__What you will do__: This task calls for every entry below to be repeated exactly, without the pictures.

>>>>>

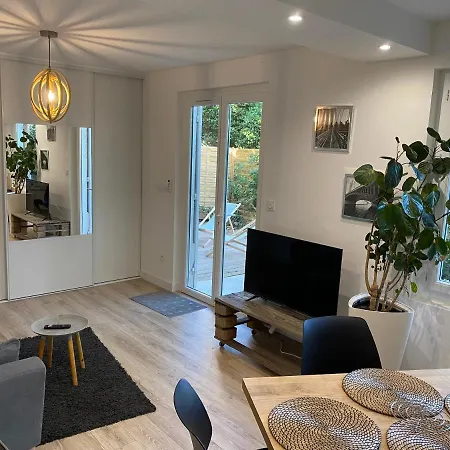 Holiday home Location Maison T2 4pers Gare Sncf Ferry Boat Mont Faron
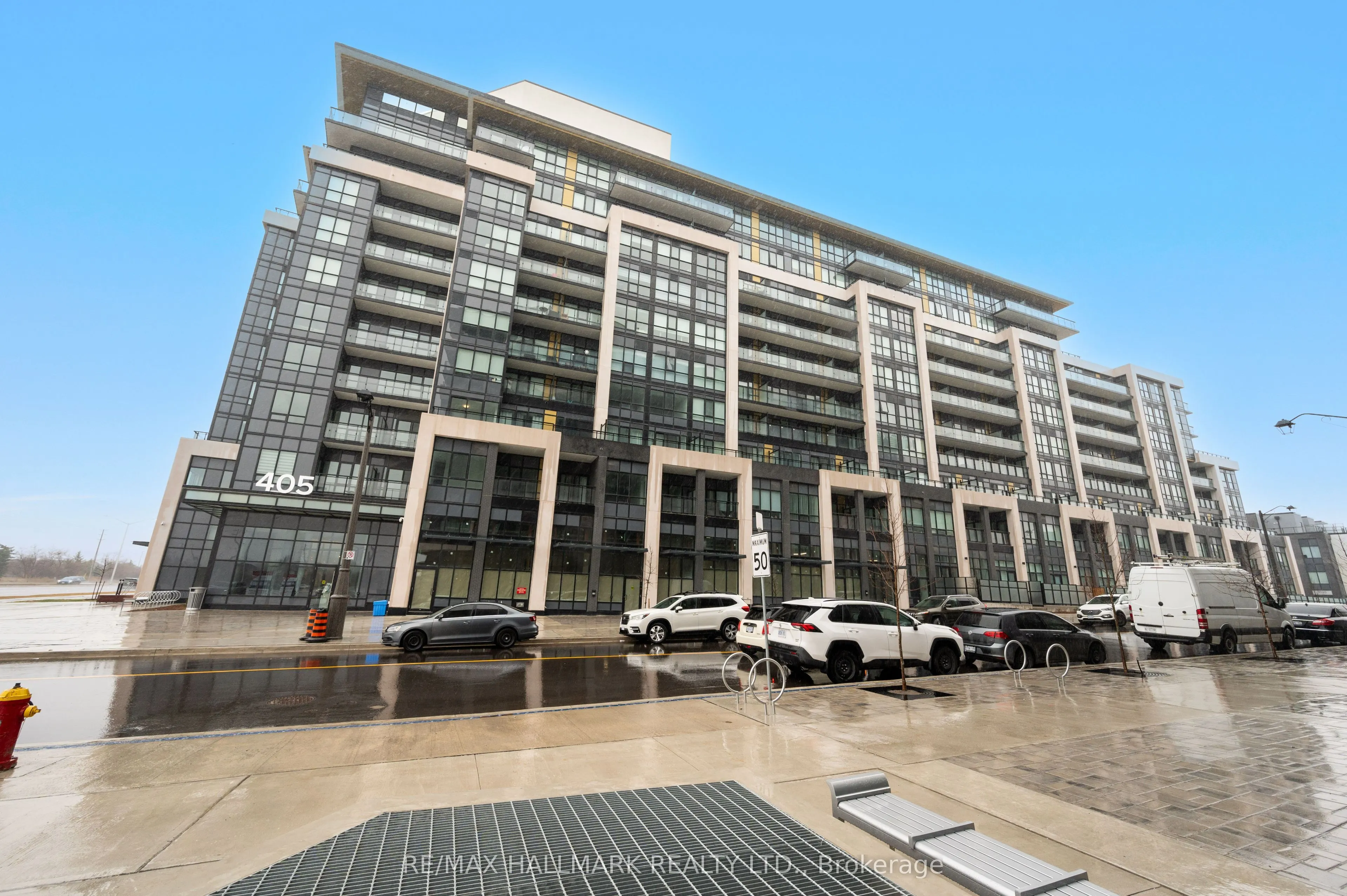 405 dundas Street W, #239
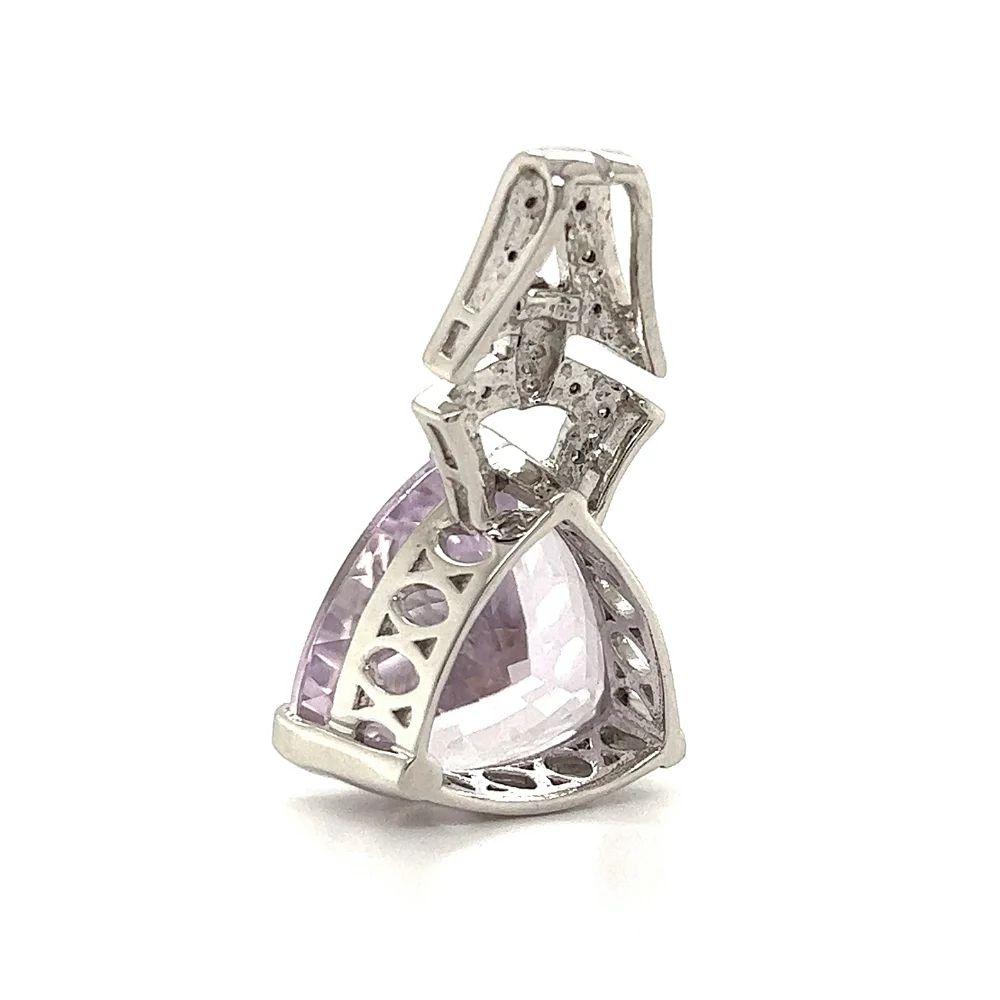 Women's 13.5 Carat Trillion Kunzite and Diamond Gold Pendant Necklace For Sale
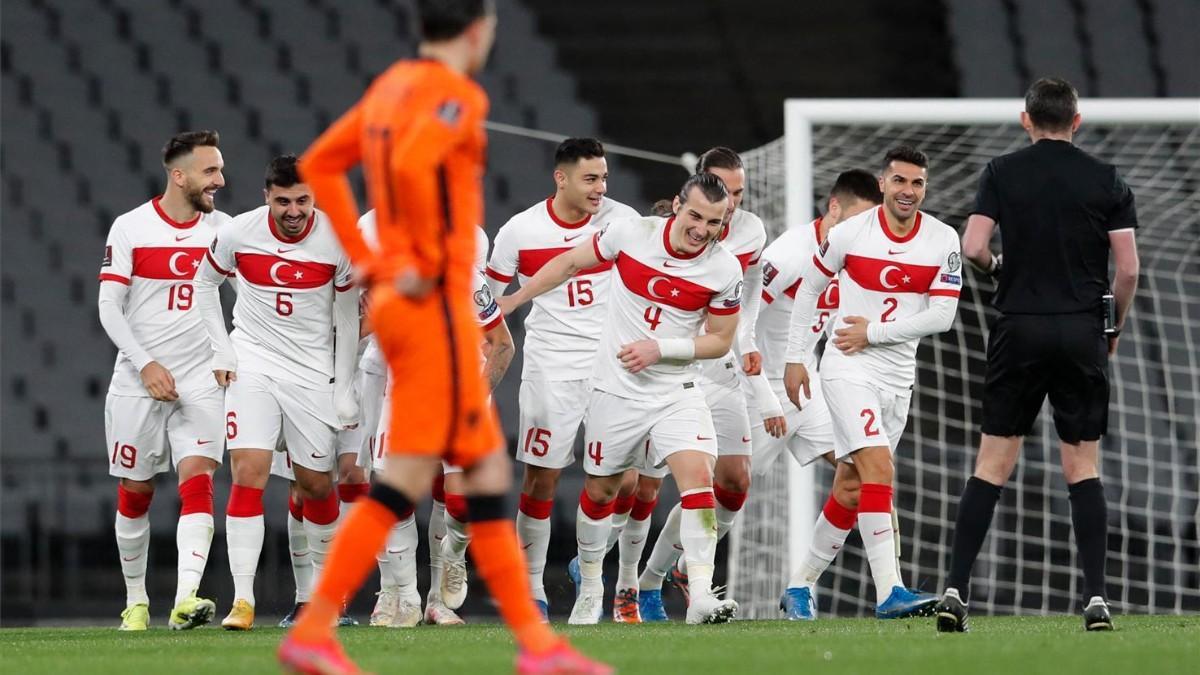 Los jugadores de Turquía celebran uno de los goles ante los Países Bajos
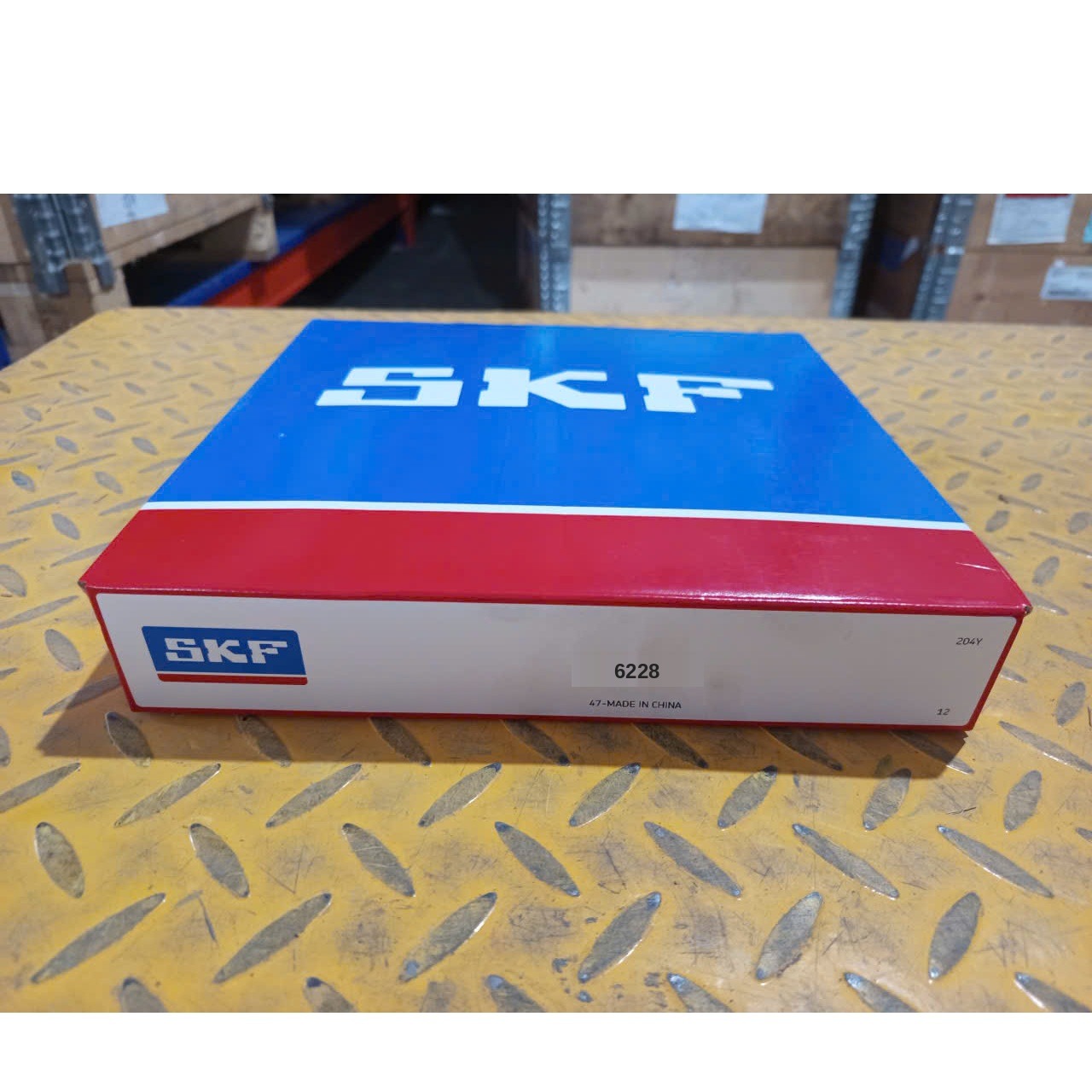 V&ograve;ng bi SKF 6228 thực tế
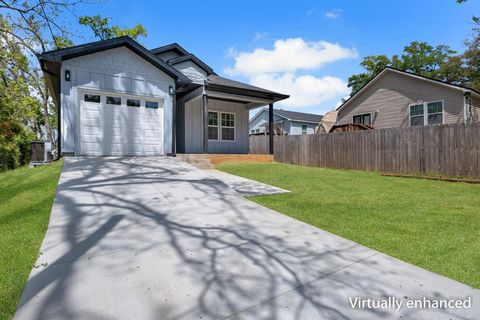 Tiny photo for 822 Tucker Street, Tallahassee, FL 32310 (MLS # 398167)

<<<<<

__Exercise result__:
 Holiday home Location Maison T2 4pers Gare Sncf Ferry Boat Mont Faron
 405 dundas Street W, #239
 Women's 13.5 Carat Trillion Kunzite and Diamond Gold Pendant Necklace For Sale
 Los jugadores de Turquía celebran uno de los goles ante los Países Bajos
 V&ograve;ng bi SKF 6228 thực tế
 Tiny photo for 822 Tucker Street, Tallahassee, FL 32310 (MLS # 398167)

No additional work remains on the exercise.